== Segment start ==

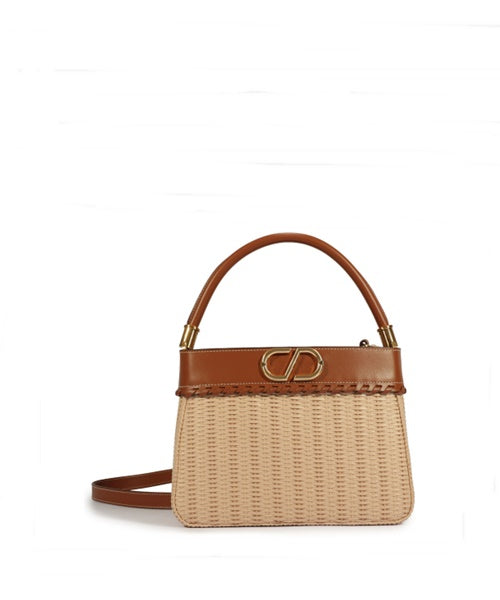 Bolsa Grande Ráfia Marrom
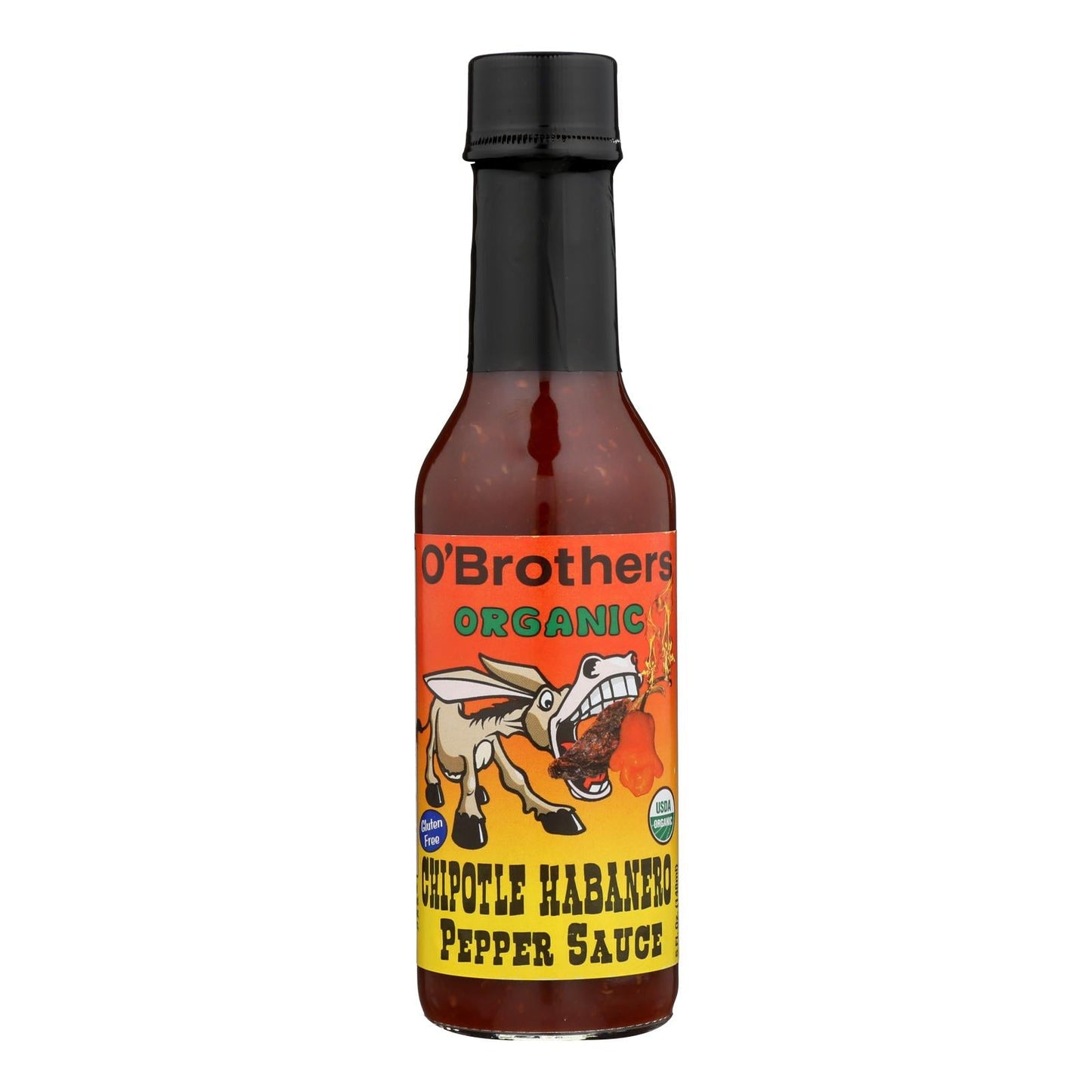 O'brothers Organic Pepper Hot Sauce (Pack of 12) - 5 Fl Oz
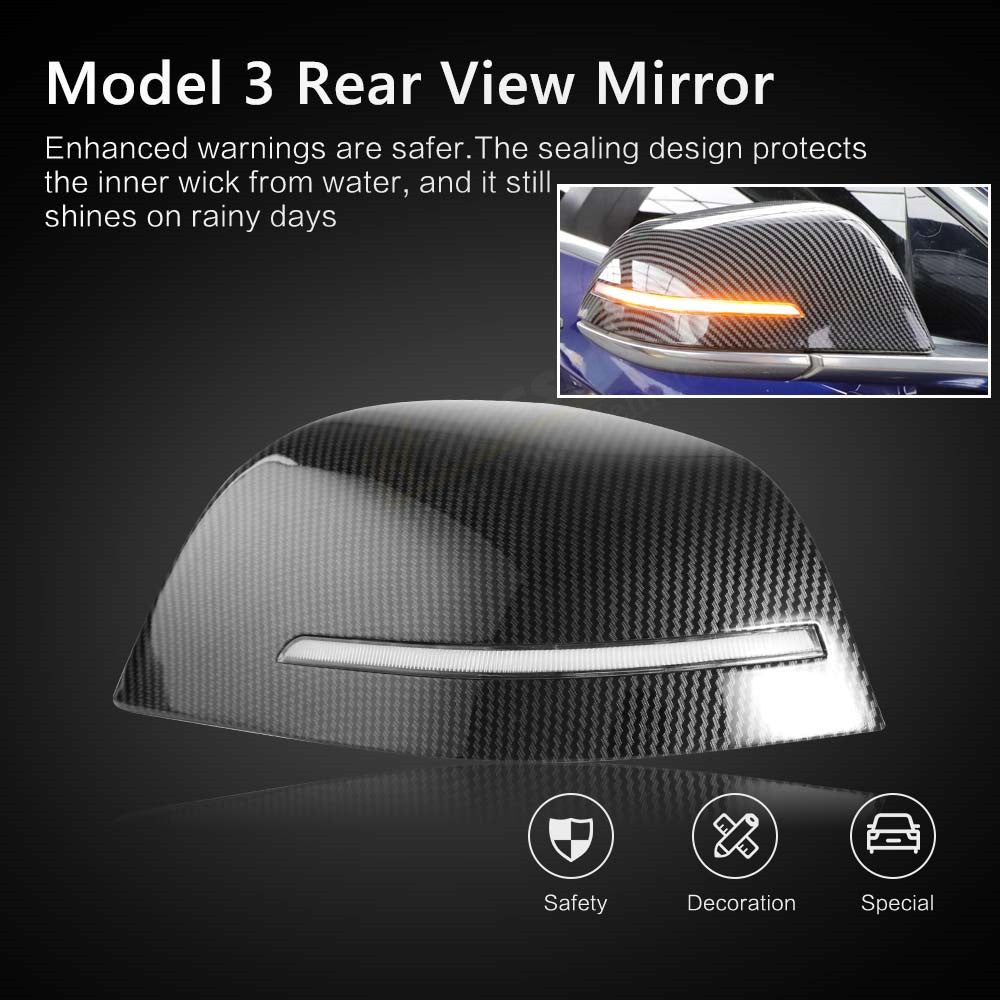 Model 3/Y LED Turn Signal Light Rear View Mirror Cover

== Segment end ==

- Instructions to follow
Apart from the pictures, every line of the data above should be given again exactly.

- Response to this exercise
 Bolsa Grande Ráfia Marrom
 O'brothers Organic Pepper Hot Sauce (Pack of 12) - 5 Fl Oz
 Model 3/Y LED Turn Signal Light Rear View Mirror Cover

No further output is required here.